▸ **Dataset excerpt**:
%%
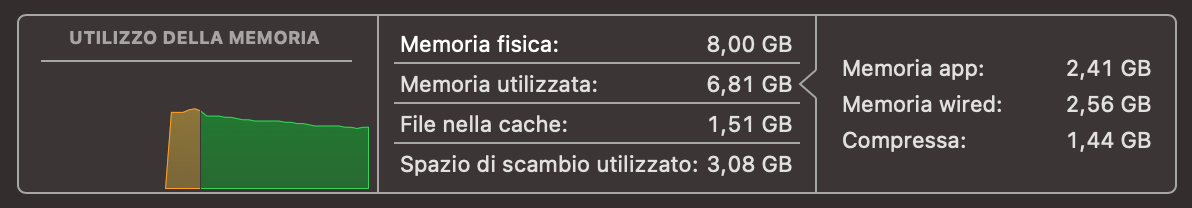 Scheda Memoria di Monitoraggio Attività che mostra il grafico Pressione memoria e dettagli tra cui Memoria fisica, Memoria utilizzata, File in cache, Swap utilizzato, Utilizzo app, Memoria kernel e Compressa.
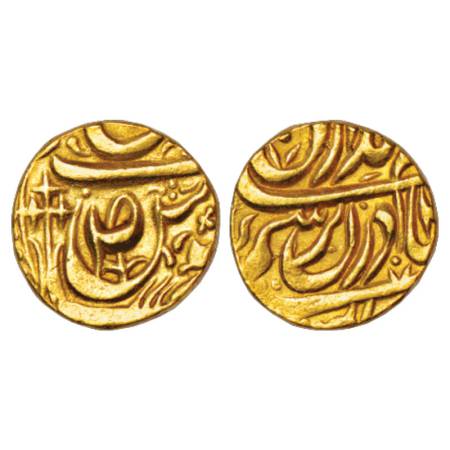 Patiala, Karam Singh (1813-1845 AD), gold mohur, 10.64g, in the name of Ahmad Shah Durrani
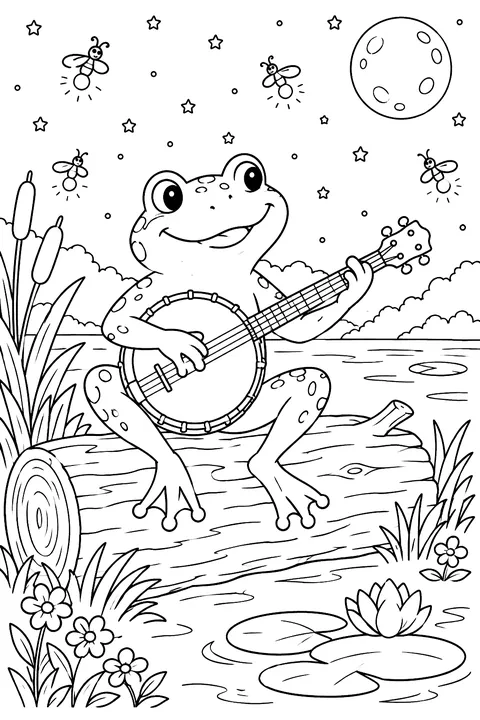 Frog Playing the Banjo coloring page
%%
▸ **Assigned task**: Repeat the listing above in full, exactly, and omit its pictures.

▸ **Output of the exercise**:
 Scheda Memoria di Monitoraggio Attività che mostra il grafico Pressione memoria e dettagli tra cui Memoria fisica, Memoria utilizzata, File in cache, Swap utilizzato, Utilizzo app, Memoria kernel e Compressa.
 Patiala, Karam Singh (1813-1845 AD), gold mohur, 10.64g, in the name of Ahmad Shah Durrani
 Frog Playing the Banjo coloring page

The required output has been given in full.